So . . . what has this to do with meditation, I hear you asking as your finger heads for the little red 'close this page' virtual button. No really this has a purpose, honest.
Years ago in London I went to a meditation meeting, mainly because there was someone there who I fancied at the time.
We sat in a large warm room with dim lighting, scented candles and in our bare feet. It was an odd contrast to outside on Holloway high street with the sirens screaming and buses snorting. I relaxed and listened to the person leading the meditation. Already it was calming, the thoughts of car clamping and props I hadn't found for the following day's shoot were dissipating.
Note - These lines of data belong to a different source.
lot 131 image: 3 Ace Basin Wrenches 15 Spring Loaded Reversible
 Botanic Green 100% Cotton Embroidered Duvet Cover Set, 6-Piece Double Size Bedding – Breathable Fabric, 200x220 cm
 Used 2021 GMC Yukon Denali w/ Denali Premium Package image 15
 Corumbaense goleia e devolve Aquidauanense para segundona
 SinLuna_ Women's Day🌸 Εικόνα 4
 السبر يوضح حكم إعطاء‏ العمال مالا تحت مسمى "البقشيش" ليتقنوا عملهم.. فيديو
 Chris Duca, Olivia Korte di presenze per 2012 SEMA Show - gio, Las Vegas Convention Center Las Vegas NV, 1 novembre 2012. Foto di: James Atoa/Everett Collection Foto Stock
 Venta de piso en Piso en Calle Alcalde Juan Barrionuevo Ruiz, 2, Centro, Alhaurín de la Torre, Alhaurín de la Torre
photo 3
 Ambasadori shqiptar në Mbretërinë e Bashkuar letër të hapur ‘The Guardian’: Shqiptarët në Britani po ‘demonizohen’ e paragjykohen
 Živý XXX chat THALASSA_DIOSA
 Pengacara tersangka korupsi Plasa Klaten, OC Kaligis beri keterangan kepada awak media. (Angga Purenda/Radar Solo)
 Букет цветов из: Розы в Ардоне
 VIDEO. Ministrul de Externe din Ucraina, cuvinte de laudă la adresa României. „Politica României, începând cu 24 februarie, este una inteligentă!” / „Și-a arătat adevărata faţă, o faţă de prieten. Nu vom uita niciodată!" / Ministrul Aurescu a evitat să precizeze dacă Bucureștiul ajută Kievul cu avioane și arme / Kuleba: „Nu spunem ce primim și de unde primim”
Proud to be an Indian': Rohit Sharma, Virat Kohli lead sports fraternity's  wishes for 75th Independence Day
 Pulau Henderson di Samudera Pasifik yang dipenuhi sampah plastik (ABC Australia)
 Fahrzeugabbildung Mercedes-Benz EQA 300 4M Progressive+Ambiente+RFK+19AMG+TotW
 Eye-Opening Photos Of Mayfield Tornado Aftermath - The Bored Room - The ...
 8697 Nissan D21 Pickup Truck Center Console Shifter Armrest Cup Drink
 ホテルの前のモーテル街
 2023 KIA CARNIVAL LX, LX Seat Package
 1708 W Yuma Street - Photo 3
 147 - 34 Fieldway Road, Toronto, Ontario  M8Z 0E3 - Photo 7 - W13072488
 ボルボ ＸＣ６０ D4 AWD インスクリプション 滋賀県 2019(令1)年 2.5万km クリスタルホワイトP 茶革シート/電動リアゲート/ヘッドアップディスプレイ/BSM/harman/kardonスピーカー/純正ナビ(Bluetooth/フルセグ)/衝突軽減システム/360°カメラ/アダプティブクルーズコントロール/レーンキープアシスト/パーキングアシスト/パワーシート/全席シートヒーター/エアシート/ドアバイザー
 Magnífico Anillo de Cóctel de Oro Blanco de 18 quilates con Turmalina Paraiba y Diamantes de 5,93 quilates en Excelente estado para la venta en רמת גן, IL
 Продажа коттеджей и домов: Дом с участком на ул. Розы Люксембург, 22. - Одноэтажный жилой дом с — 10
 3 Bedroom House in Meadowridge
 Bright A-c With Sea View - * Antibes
Everyone was passed a large fat raisin. We were asked to chew it very slowly, very slowly. To think about where the raisin had come from, how long it had been growing in the sun, who had picked it, where they lived. What was the taste really like, the sweetness, the texture of its wrinkled surface.
Then the actual meditation: counting to a hundred I think, stop each time something enters your mind and start again. Let everything fall away, just the counting. I could see how it worked but my busy brain wouldn't shut off from lists of things to do, things I should have done, things that would have to no doubt be done. It was the only meditation class I ever went to, but I do try occasionally, without much success, to apply it to my life today.
Yesterday I relived the raisin experience however and will try and do this most days.
It was a grey cold day, clouds scudding, wind moaning around the walls of the house. I had stoked up the fire and had a sacred piece of 'Gallet de Rois' in replacement of Mark cake, as he is absent in the hothouse for a few days. The runty dog came and sat on me and I stroked his silky fur absentmindedly as I consumed tea and cake, very slowly. Where had this slice of cake come from . . . actually — probably some boring factory that supplies French supermarkets, mmm not so good . . . but still.
Sweet, soft flaky texture, hot tea, dog's smooth back, the hills, brown with a scattering of icing sugar snow on them, silence apart from a couple of rooks in the tops of the cypress trees, time marked by the logs on the fire disintegrating a little more with each second that passed. Ten minutes perhaps, out of an otherwise fairly busy day — time just to sit and really experience just 'being'.